We (said these Israelis) like to travel and are here now for a special trip around the Northeastern US and Orlando. Shabbat has always been important to us which is why we often schedule our trips from Sunday to Friday and for longer trips we try to find a Chabad or Jewish community where we can celebrate Shabbat. And that’s why we are here! A few years ago we were in Yosemite for Shabbat, and we had little supplies and no community. My wife was insistent that we do something for Shabbat, but we didn’t even have Kosher wine or grape-juice. But then she realized we had grapes, so she squeezed them into a cup and we made Kiddush! It was a Kiddush we will never forget!

US ARMY CHAPLAIN: THE GATEKEEPER FROM PERU

Rabbi Moshe Lans is a longtime US Army reservist and officer and serves as chaplain. During his service in Iraq he once landed in Baghdad’s Green Zone and was quickly approached by one of the gatekeepers to that secured area – with a raised weapon. He tells the story much more dramatically, but here’s the main point: as things turned out the gatekeeper was a Peruvian Jew, part of a multinational force there, who signed up for duty in Iraq to bring home money for his family. He was so thirsty and eager for Jewish community and companionship, and was delighted when Moshe Lans invited him to join the group for Shabbat services. It reinforced Moshe’s view that whenever G-d sends a Jew somewhere, he never goes alone, there’s always another Jew to be found even in the most remote and G-d forsaken places.

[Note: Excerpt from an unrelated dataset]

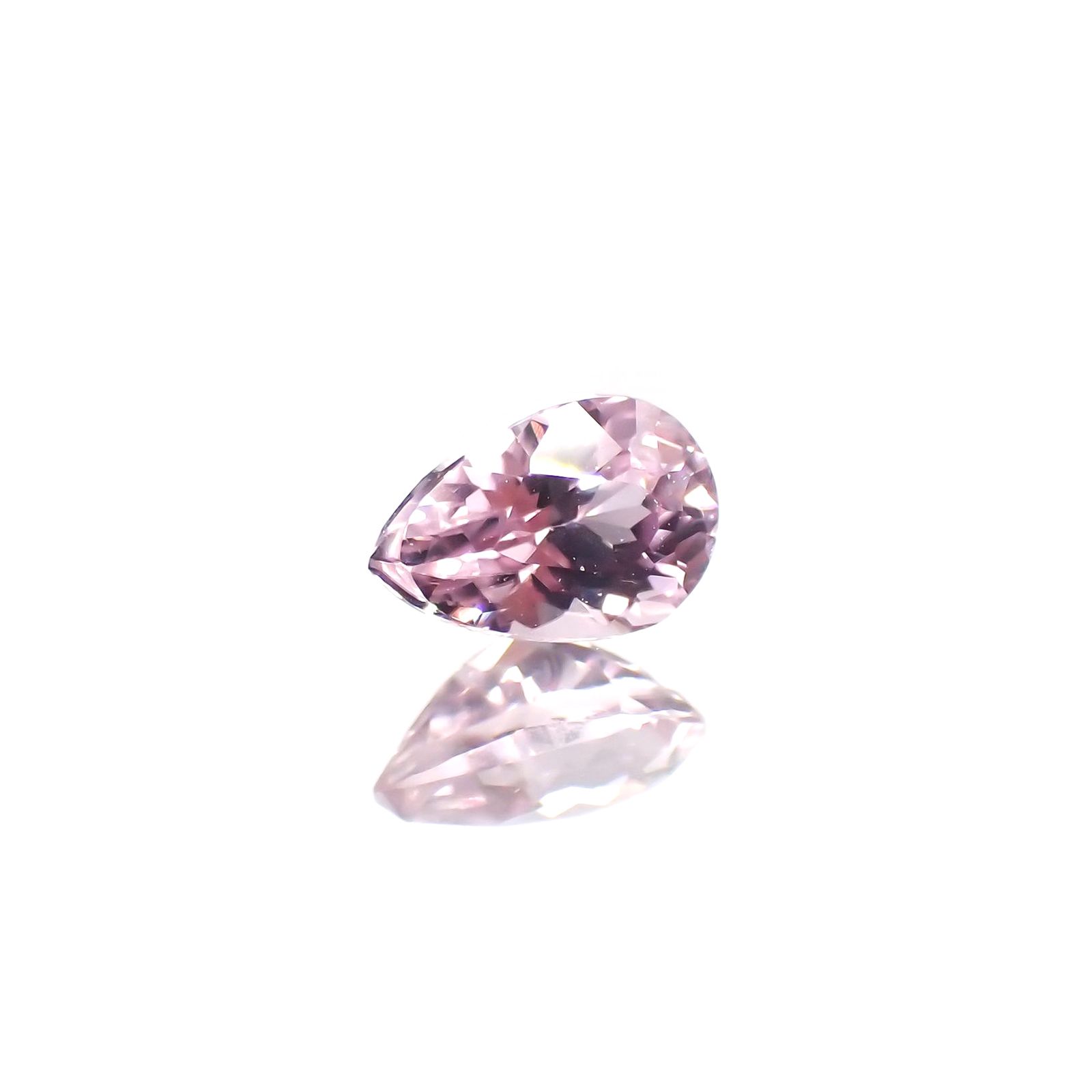 カラーシフト ピンクダイアスポア(宝石名ダイアスポア) アフガニスタン産 0.48ct 識別済[210912426]6×3.9mm前後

CHASSIDIC PSYCHOLOGIST: THE SANZER STORY

I’m a school psychologist in the Yeshivot of Brooklyn, and here at UAlbany for a conference. During a break between sessions, an older man from MA approached me, being that I am visibly Jewish and Chassidic and told me he wanted to share with me a story.

Many years earlier he was close friends with a  Jewish neighbor. It was a nice block and all the neighbors got along. One day a new neighbor moved in, but they were unpleasant and obnoxious. The neighbors got together to discuss ways to deal with it. The Jewish neighbor spoke up:

“Let me share with you a Jewish way to deal with something like this. There was once a great Chassidic Rebbe called the Sanzer Rov. He said that he used to think that he wanted to change the world. Then be realized it was too daunting, so he figured he would change his own country. That too, was too much, so he reconsidered and decided he would work on changing his own city. Even that turned out to be too much, so he focused on his own neighborhood and community, and then narrowed that down to his own circle of friends and family. But then he realized that even that was too much, so he decided that he would just change himself.

“The question is,” said the Jewish neighbor, “how could the Sanzer Rov make such a gross miscalculation? Such a huge contrast? If he would be mistaken between the city and the neighborhood or between the neighborhood and himself, that would make more sense. But how could he be so mistaken that he first thought he would change the world, and then worked down all the way to just changing himself?

“You must say,” explained the Jewish neighbor, “that the plan never changed. The goal remained the same: Let’s change the whole world. The only question is where to start from, and the answer he learned was to begin with oneself. And the same can be applied to our situation. If we want to change our neighbor, we have to start with change in ourselves.”

That’s the story that the Chassidic psychologist heard from an older man at the psychology conference at UAlbany. He was amazed and in awe. He heard this Sanzer Rov story told in his community and school for many years, he heard it back when he was a little kid. And to hear this wonderful interpretation he had to travel away from his Chassidic community in Boro Park to a conference at a University up in Albany and hear it from someone who heard it from a neighbor decades ago yet it remained with him!